During the Spring of 2017, Malcolm made a donation of 250 of his original framed costume design paintings to The National Museum of Dance in Saratoga Springs, NY. The colorful paintings, honoring Malcolm's contributions and talents as a dance costume designer and fabricator, are prominently displayed in a gallery at the museum where a public opening reception was to be held. Due to illness, Malcolm was not able to attend and make opening comments about his professional life in ballet and how the ballet dance style and method has changed over the years since he had retired as a dancer in the U.S. and abroad.
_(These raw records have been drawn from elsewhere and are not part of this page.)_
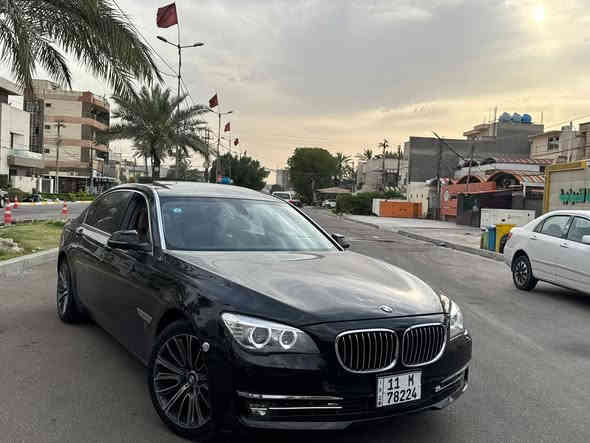 السلام عليكم 
سياره BMW740Li كرستاله 

سياره موديل 2014 
خليجي وكاله العروش السياره ماشيه 110 الف كيلو متر سياره بعدهي جديده و ما بيه نقوصات اله أشياء بسيطه سياره مكفوله كير و مكينه بلادي بدون اي نقص سياره بل واقع احلى من الصور 

مواصفات السياره 
بيبان شفط 
صندوق شفط 
تحكم الشاشه من خلال الماوس 
نظام صوتي من هارمن كاردون 
سياره بيه ٥ انظمه قياده 
‏(Eco_comfort_comfort+_sport_sport+)

فتحه سقف 
غسل الايت الأمامي من خلال مرشه الايت 
حساسات امامي خلفي 
كامره خلفيه 

السياره مكينه 3000تون تيربو 
تبريد و تدفئه بل كشنات 
السياره ٣ قطع تبريد 
و يعد بيه موصفات هواي 
السياره حادثه جاملغ و بنيد بدون ايرباك بيه تعديل بسيط بل لغد 

رقم بغداد تحويل ثاني يوم 

السعر 225ورقه و بي مجال 

للتواصل ***********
Some may say Malcolm had maverick ways about him. No one can deny two gracious and talented attributes of Malcolm J. McCormick were his magnificent gardening and his love for knitting. He rejoiced in giving a friend a scarf or sweater he created, or giving to many folks a summer armload of glads, peonies, or apples for pie baking from his Waterman Hill patch.
Malcolm will come to so many of us over and over as a happy memory for his generosities, his talents, and his observations.
A Spring Burial is being planned in Evergreen Cemetery, Canton.
Condolences can be shared by visiting www.lawrencefuneralhome.org
Malcolm’s care and arrangements are being handled by Lawrence Funeral Home & Cremation Services, Canton.